Do I have to register to edit pages?

Yes, you need an account to edit pages on LabVIEW Wiki. If you do not have an account, go create one now.

How can I contribute?

Discuss issues

A lot of people get started on LabVIEW Wiki because they are reading an article and think to themselves "that's not right...". If you know just what to do to fix something that isn't right — great, go for it; but if you aren't sure what to do, here's an approach with which you can never really go wrong. Simply navigate to the discussion thread associated with an article by clicking on the Discussion button on the top and make a comment on what you think needs changing.

Create new articles

LabVIEW Wiki articles contain lots of links to other articles. Regular links represent pages that do exist. Red links point to pages that don't exist yet. Whoever created these links thought that an article on the topic should exist. If this was not a popular idea, the link may have been removed. It's also possible that a spelling error was made, or that they didn't know the correct name for an existing page on the same (or a more general) topic. In this case, you could fix the link, and/or create a redirect page. If you decide there should be an article at the other end of the link, by all means start writing it!

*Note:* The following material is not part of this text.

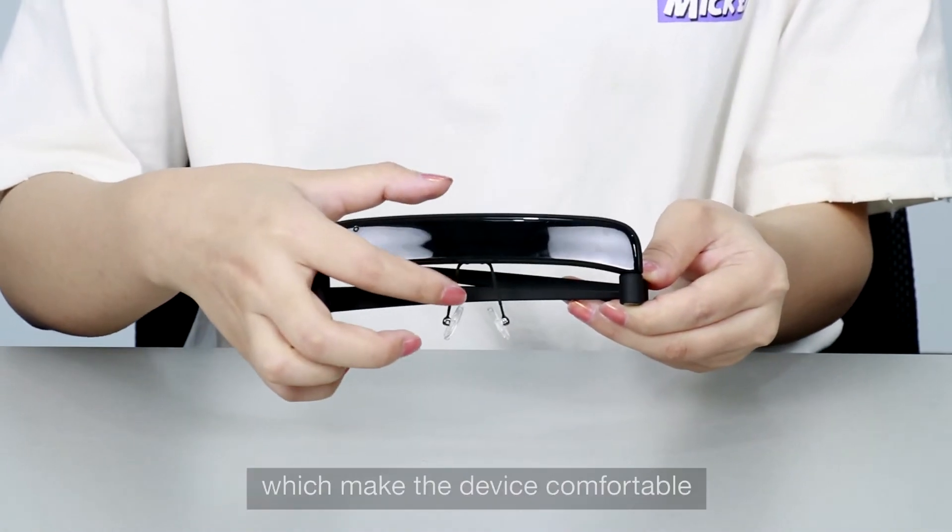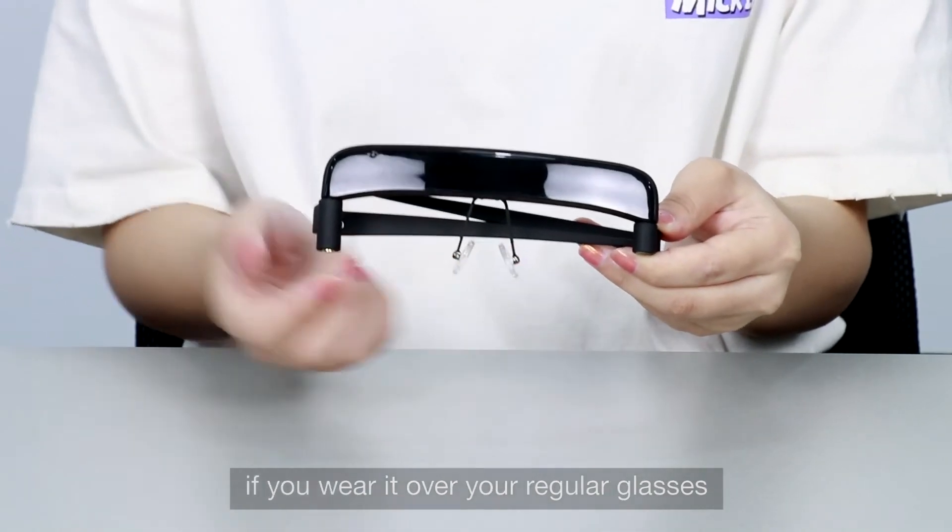Glasshouse has long nose pads, which make the device comfortable if you wear it over your regular glasses.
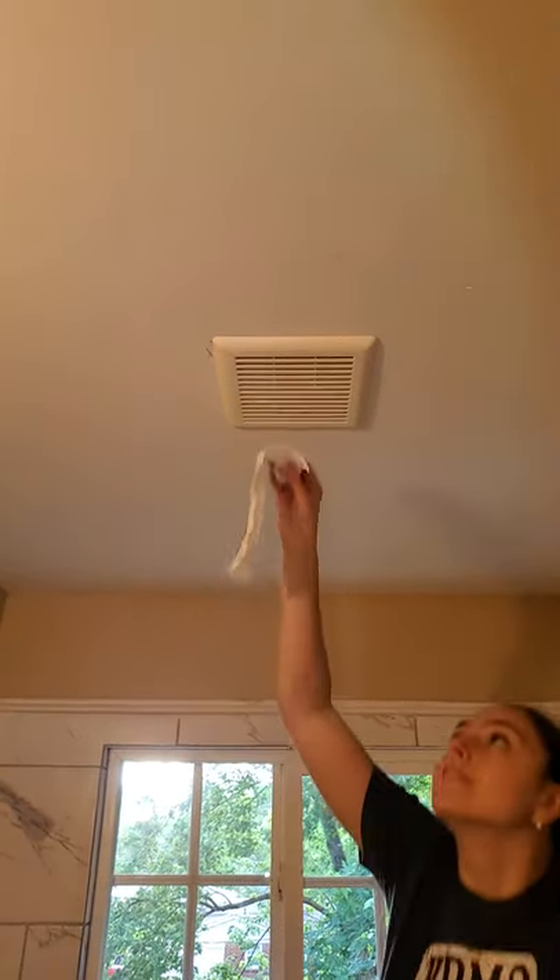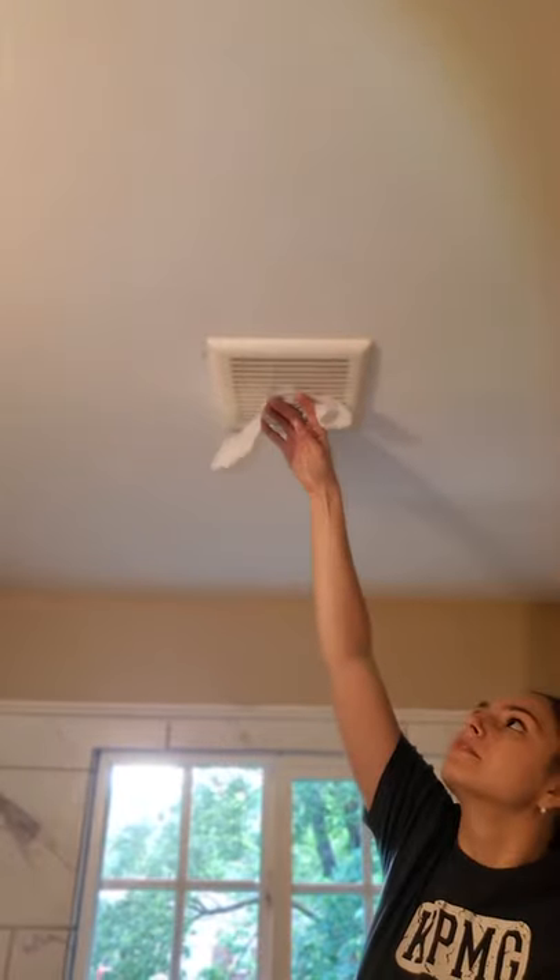Hold on. Careful, careful. Okay. Go ahead, go right on ahead. Let's just see if it holds.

For technical help getting started, see Help:Starting a new page.

Don't be surprised if other people edit your pages to adapt them to a much better style or to make them more readable. It's OK to learn as you go along.

Make a donation

LabVIEW Wiki is in constant need of more server capacity, bandwidth, and other technical services, to keep it running and fast enough to be useful. Financial contributions are always welcome. See LabVIEW Wiki:Site support

Publicize LabVIEW Wiki

Add a link to LabVIEW Wiki to your website or blog. All links should point to:

Where do I start?

There are many articles that contain partial contents, are stubs (placeholders) or are simply incomplete. Find one that may interest you and start editing. If you want to start a new article go right a head, any LabVIEW related topic is acceptable. See our Help page for assistance in editing.

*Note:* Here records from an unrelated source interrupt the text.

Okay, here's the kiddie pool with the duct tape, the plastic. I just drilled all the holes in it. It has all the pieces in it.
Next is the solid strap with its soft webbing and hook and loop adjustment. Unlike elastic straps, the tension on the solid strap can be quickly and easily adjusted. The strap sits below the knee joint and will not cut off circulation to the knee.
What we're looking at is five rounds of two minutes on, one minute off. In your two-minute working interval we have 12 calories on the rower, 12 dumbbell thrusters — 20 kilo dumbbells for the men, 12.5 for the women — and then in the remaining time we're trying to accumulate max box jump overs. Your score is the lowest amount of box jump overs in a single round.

List of pages that are referenced but not yet created:

List of pages by smallest size:

This usually indicates that these pages are too short to be considered fully developed articles so it's likely that someone needs to step in and add content. Anything smaller than 100 bytes needs investigation.

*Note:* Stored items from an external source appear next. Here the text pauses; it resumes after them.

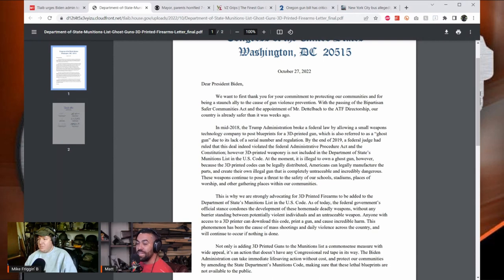The letter states: 'At the moment it is illegal to own a ghost gun; however, because the 3D printed codes can be legally distributed, Americans can legally manufacture the parts and create their own illegal gun that is completely untraceable and incredibly dangerous.' Matt and Mike immediately note a key error: ghost guns are not actually illegal to own.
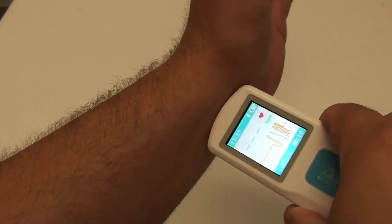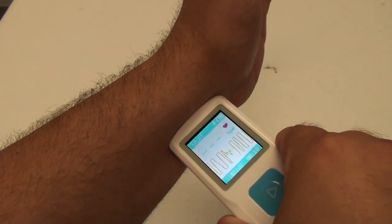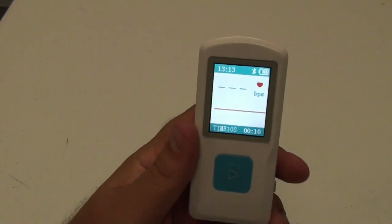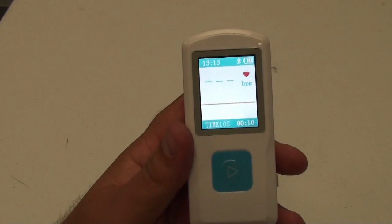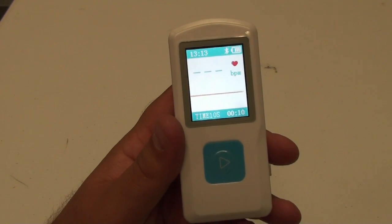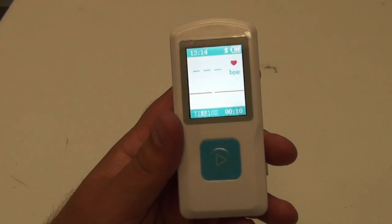You'll also be able to put it on your wrist. All the data can be synced wirelessly using the app PHMS, which you can find in the Google Play Store or in the iTunes Store.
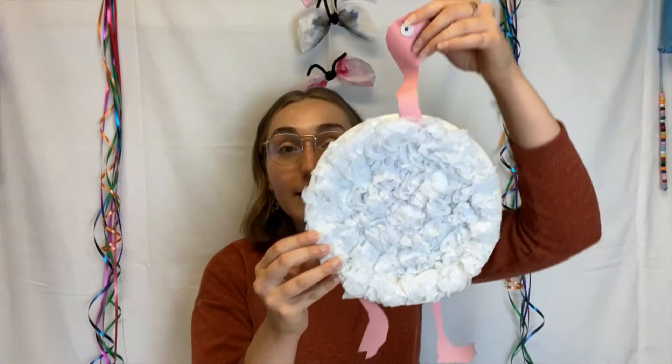Hi everyone! I'm Hannah, the museum educator here at the Transcona Museum. Welcome to the second day of the last week of Craft With Us. This week is animal week and today we will be making paper plate flamingos.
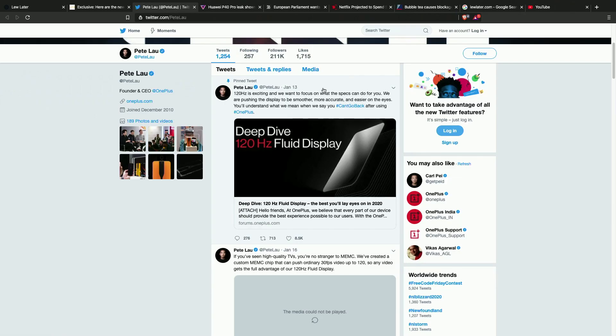We have an update on the OnePlus front regarding the upcoming OnePlus 8 120Hz fluid display. People love the smooth displays.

These articles have been flagged as stubs:

The following articles need to be assigned a category.

All Uncategorized

Information about categories can be found here.

Start with what you know

  • Write about LabVIEW topics and concepts that you are familiar with. If you have helped other users with LabVIEW problems on the LAVA Forums or the NI Forums, then transfer that bit of knowledge here. The next time someone posts that same question you can simply point them to your article on the LabVIEW Wiki.
  • Write about LabVIEW topics that you have done research on. Have you written a thesis, essay, or white paper? Consider contributing the fruits of your efforts to related LabVIEW Wiki articles. First of all, there will almost certainly be an existing article which you will want to merge your content into. Secondly, make sure you are comfortable with our License. See LabVIEW Wiki:Copyrights

Start with outside research

Feed your appetite for knowledge. Pick a LabVIEW subject about which you know relatively little but have always been curious or want to remedy a guilty ignorance. If you already know a lot about something, the best references in the field might know more, or might be a helpful reference for other readers or helpful to you in your writing.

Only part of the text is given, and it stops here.